It was a Saturday afternoon in summer of 2004 and Marisela Marrero was back home in Puerto Rico on vacation after graduating from Harvard Medical School. She was on her way to visit her uncle when her cell phone rang and “Private” showed up on caller ID.
If that were to happen today, she might very well hit “Decline” figuring it was an unwanted telemarketing call. Fortunately, she hit “Accept” and got the surprise of her life.
“Is this Marisela Marrero?” asked a man with a slight Southern drawl, and Marrero immediately knew who was on the line, though she could hardly believe the 41st president of the United States was calling her.
“This is George Bush from Texas,” he said, eliciting an “Oh, my God!” from Marrero, who found herself repeating that refrain.
The connection between Marrero, who worked as an ER doctor at Union and Salem hospitals from 2008-17 and lived in Revere until moving to Boston earlier this year, and George H.W. Bush, who died at his Houston home Friday, can be traced to a fatal fire in Puerto Rico on New Year’s Eve 1986.
Marrero’s father, Manuel de Jesus Marrero, was a U.S. Secret Service agent stationed in his native Puerto Rico when he was called to the Dupont Plaza Hotel to investigate some suspected counterfeit money. Hotel workers who were locked in a bitter labor dispute with management set a few small fires that were intended to scare some of the guests away and cost the hotel business.
A major fire ensued and 96 people were killed, including Marrero, one of only 37 Secret Service agents to die in the line of duty in the 153-year history of the agency. As children of a U.S. government employee, Marisela Marrero, who was 8 at the time, and her brothers, William and Felix, attended the Antilles Consolidated Military School, recognized as one of the best in Puerto Rico. After their father died, the family received a letter informing them the children were no longer eligible to attend the school, much to the chagrin of their mother, Gladys Rivera.
The following summer the Marrero family was invited to Washington, D.C. to accept an award presented posthumously to Manuel Marrero.

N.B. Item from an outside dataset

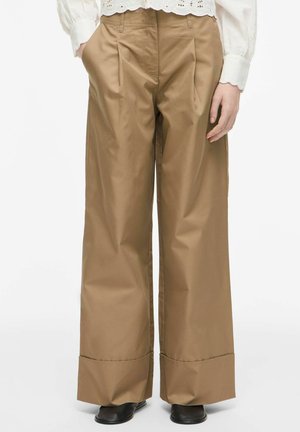 Pantalon beige à jambes larges avec plis devant, ourlets retroussés, poches latérales, associé à des chaussures noires et un haut blanc à manches longues.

Despite being advised that the ceremony was neither the time nor place to address the school issue, Rivera, who spoke limited English, brought it up with Vice President George H.W. Bush, who asked her to write him a letter and he would have the White House attorneys look into the matter.
The result of that conversation was the passing of House Bill 3439 — an independent bill that was written specifically for the three Marrero children, allowing them to return to the government-run school. The Judiciary Committee report on the bill was filed by U.S. Rep. Barney Frank of Massachusetts. President Ronald Reagan signed it into law on May 5, 1988, a year after Bush was made aware of the situation.

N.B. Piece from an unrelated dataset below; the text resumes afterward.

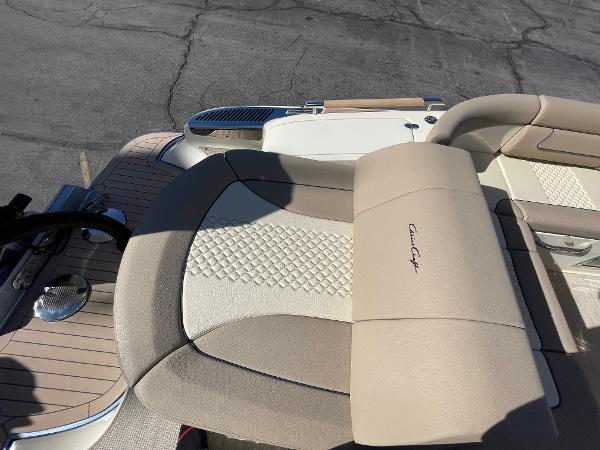 Slide: The Image of 2024 Chris-Craft Launch 28 GT boat interior with beige and cream seating. - 6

Marisela Marrero ended up going to Yale, Bush’s alma mater. Shortly before graduating from Harvard Medical School, she wrote a letter to Bush, expressing her heartfelt thanks for “this amazing thing you did for me that changed my life,” she recalled Sunday when reflecting on that correspondence.
“I started recounting what happened that day in 1986 and I gave him the timeline of what occurred after the law was passed,” said Marrero, who told Bush of her college and medical school experience. “All these amazing things were possible because of what you did for me and my family,” she wrote, inviting Bush to her medical school graduation.
Bush didn’t make the ceremony, but Marrero’s letter clearly impacted him enough to make that phone call several weeks later.
“I can’t believe you are calling me,” she told Bush, prompting him to tell her he had to call after the beautiful letter she had sent him.
“You are living the American Dream and I am so proud of you,” the former American president told the young woman from Puerto Rico, who wasn’t even sure she would be able to cut it academically at Yale, let alone in medical school.
Bush asked about her mother and her brothers, who both went on to work for the U.S. government, and told Marrero he was under the weather with a cold and wondered whether she might be able to help, since she was now a doctor.
“Mr. President, I will take care of you anywhere in the world for the rest of my life,” she told him.
On the day in 1987 that Marrero, who is now vice president of operations for Steward Health Care, visited the White House with her mother and brothers, the award was presented by James Baker, who was serving as Secretary of the Treasury, the agency which had oversight of the Secret Service (it now comes under the auspices of Homeland Security).
On Friday night in Houston, Baker was with his longtime friend, George H.W. Bush, when he passed from this life to the next.